Note that rewriting the serial driver in assembly language is a good idea, as it is (most likely...but not certainly) a limiting factor in how quickly programs can be downloaded to PFAVR.

Forth Tests

The tests/ subdirectory contains various Forth files that test the PFAVR Forth implementation. These tests come from various sources. The t_xxx.ft tests all expect that the t_tools.ft file has been downloaded first, prior to each test. The README file in this subdirectory provides a guide for the various tests.

Note that the fsend.py program (see below) may be useful (on Unix-ish systems) for running the tests as it automatically strips the files. For example:
	cd tests
python ../fsend/fsend.py t_tools.ft t_core.ft
The above commands will run the core word set test. Remember that you must download t_tools.ft prior to any other t_xxx.ft test as all of the words defined by t_tools.ft are forgotten by the actual test code (to save dictionary space).

FSEND

The FSEND program (fsend/fsend.py) is a simplistic Python program for sending Forth code to a running PFAVR session. Terminal programs like minicom and TeraTerm can also send text files to a target board, however FSEND is useful because:
FSEND can also be used for running the Forth test programs, as described in the previous section.

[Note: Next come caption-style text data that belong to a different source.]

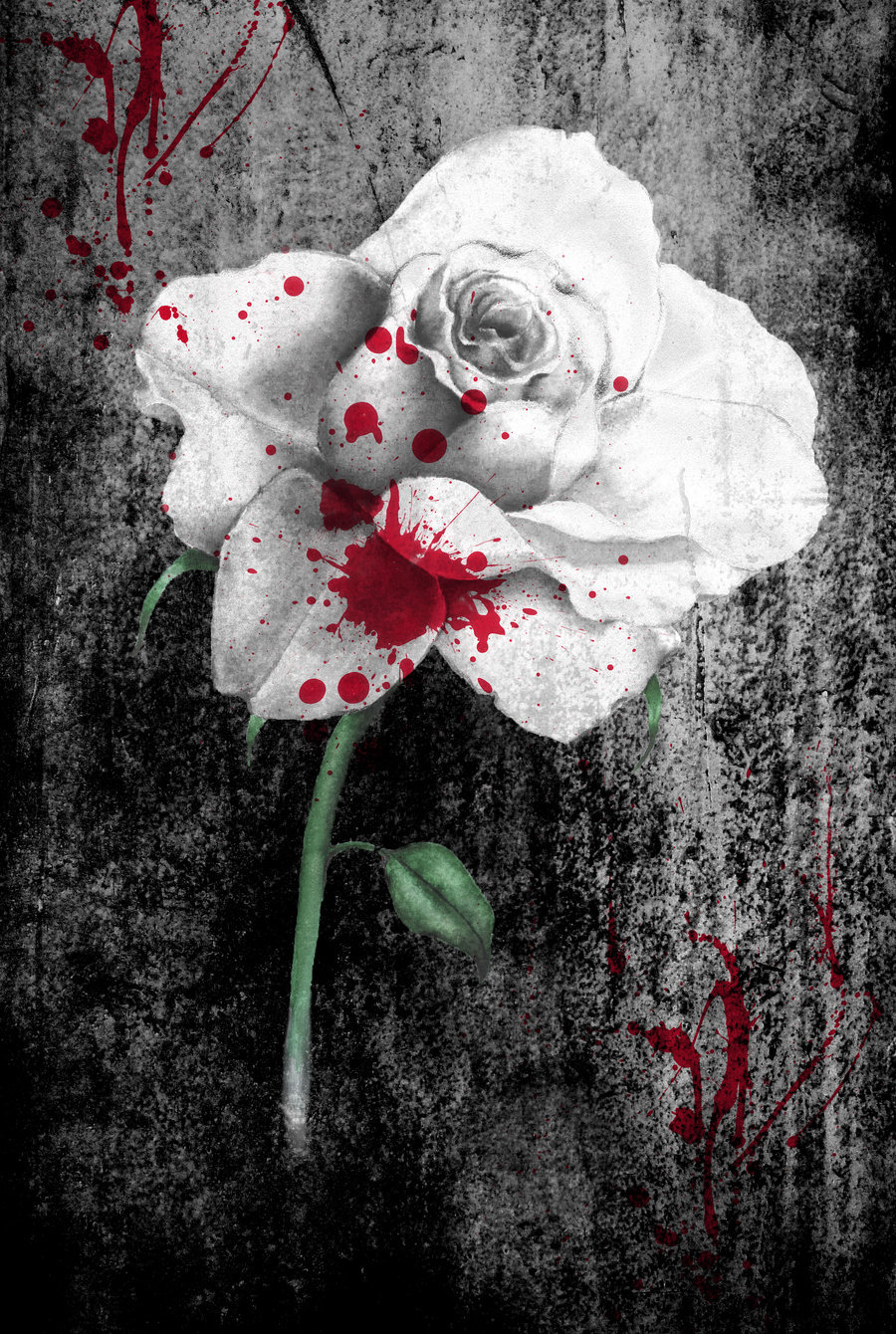 Bloody White Rose Wallpaper By Georgia Caldera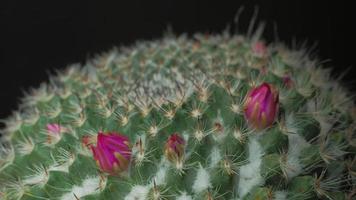 Beautiful cactus flower blooming time lapse isolated on black background. video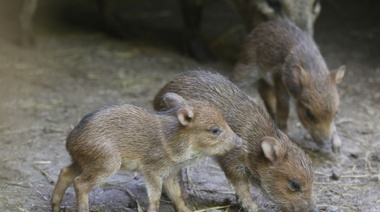 Conservación de especies en el Bioparque: nacieron tres ejemplares de pecarí de collar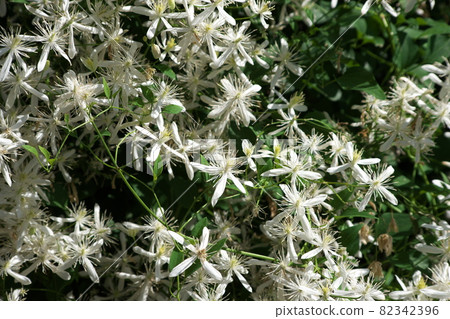 White flowers of the Clematis White flowers of the Clematis 82342396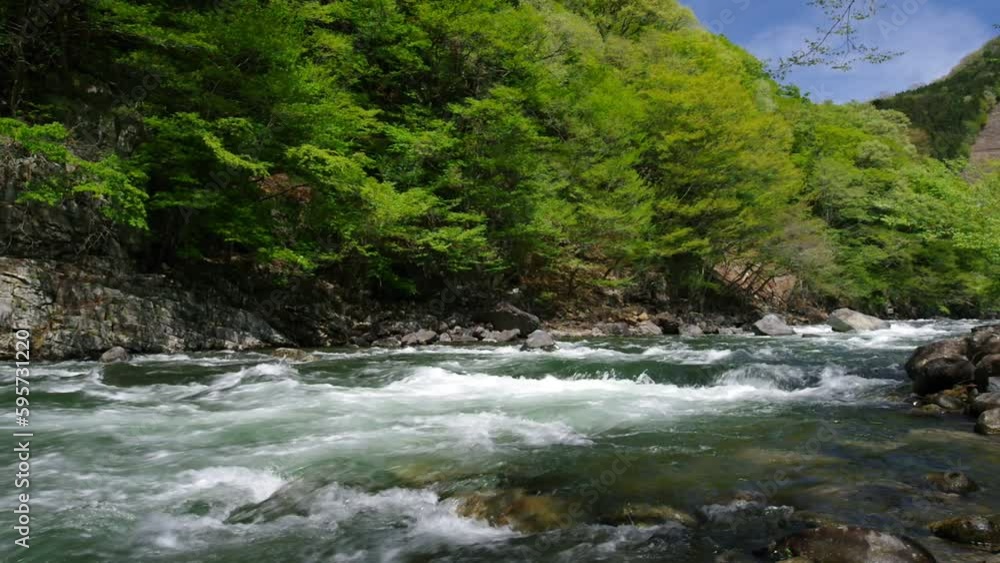 新緑期の龍王峡(栃木県日光市) 新緑期の龍王峡(栃木県日光市)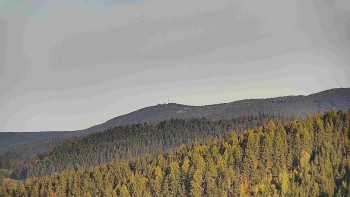 Ski areál U Sachovy studánky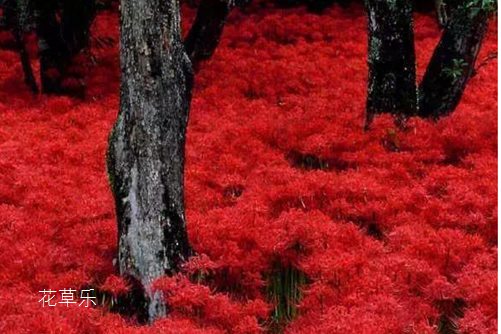 彼岸花为什么被称为邪恶的曼珠沙华呢？(曼珠沙华跟彼岸花是一个花吗)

FSEND is only meant for Unix environments.

For a quick help summary, type "python fsend.py -h" or just "fsend.py -h" if the fsend.py file has been given the execute flag.

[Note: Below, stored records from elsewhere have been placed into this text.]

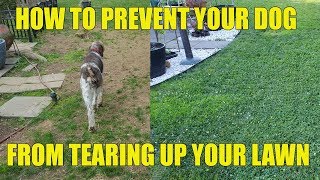 How To Prevent Your Dog From Tearing Up Your Lawn [upl. by Aryajay]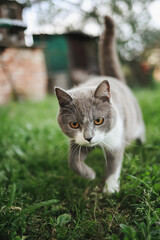 Curious gray and white cat walking on green grass in a backyard. Close-up shot of a domestic feline with orange eyes, focused expression, and natural outdoor setting. High quality photo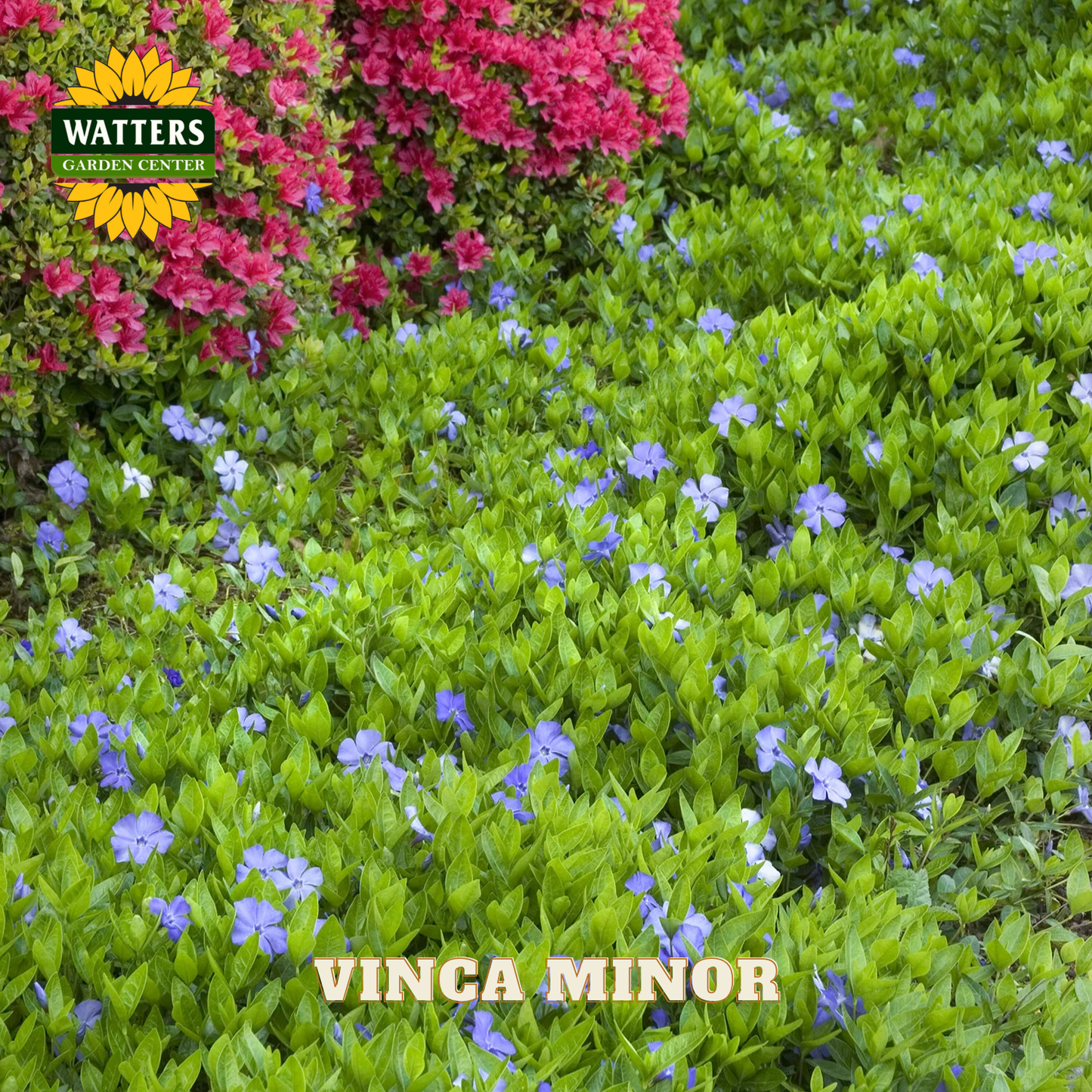 Vinca minor plants with pink and purple flowers, branded with Watters Garden Center.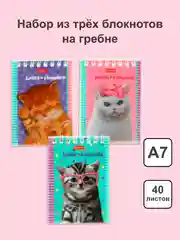 Красный блокнот/скетчбук/ежедневник/записная книжка/смешбук/кешбук с котиками, котоблокнот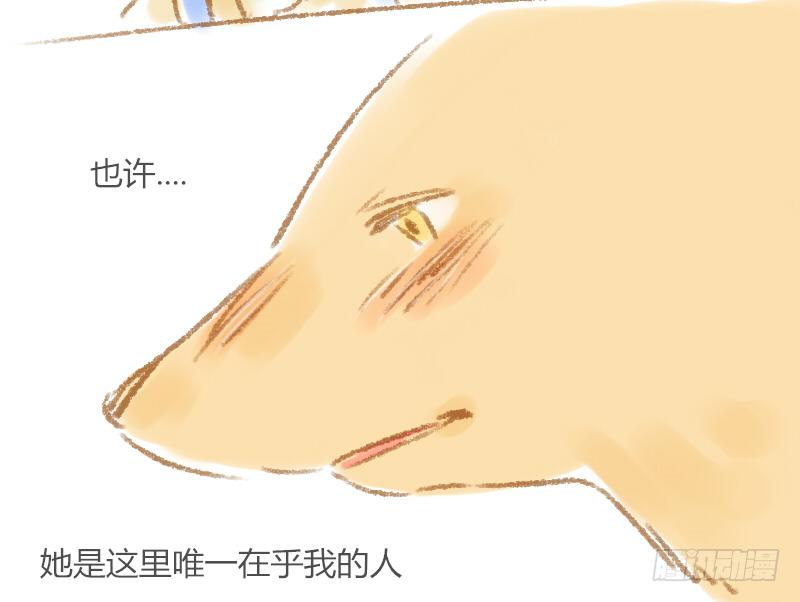 他是唯一在乎我的人7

FSEND automatically opens the I/O devices with XON/XOFF flow control. If this fails for whatever reason, FSEND can implement "soft" XON/XOFF flow control, although buffering in the kernel can make this nearly useless (i.e., by the time that FSEND has received an XOFF, there might be thousands of bytes already queued up in the kernel). In this case, implementing a short delay after each transmitted line (called line pacing) is useful. The --line-pacing option can be used to specify a pacing interval (try 0.05 to begin with and go up if you get errors, down to make downloads faster).

FSEND is a quick-and-dirty program and could use quite a bit of improvement.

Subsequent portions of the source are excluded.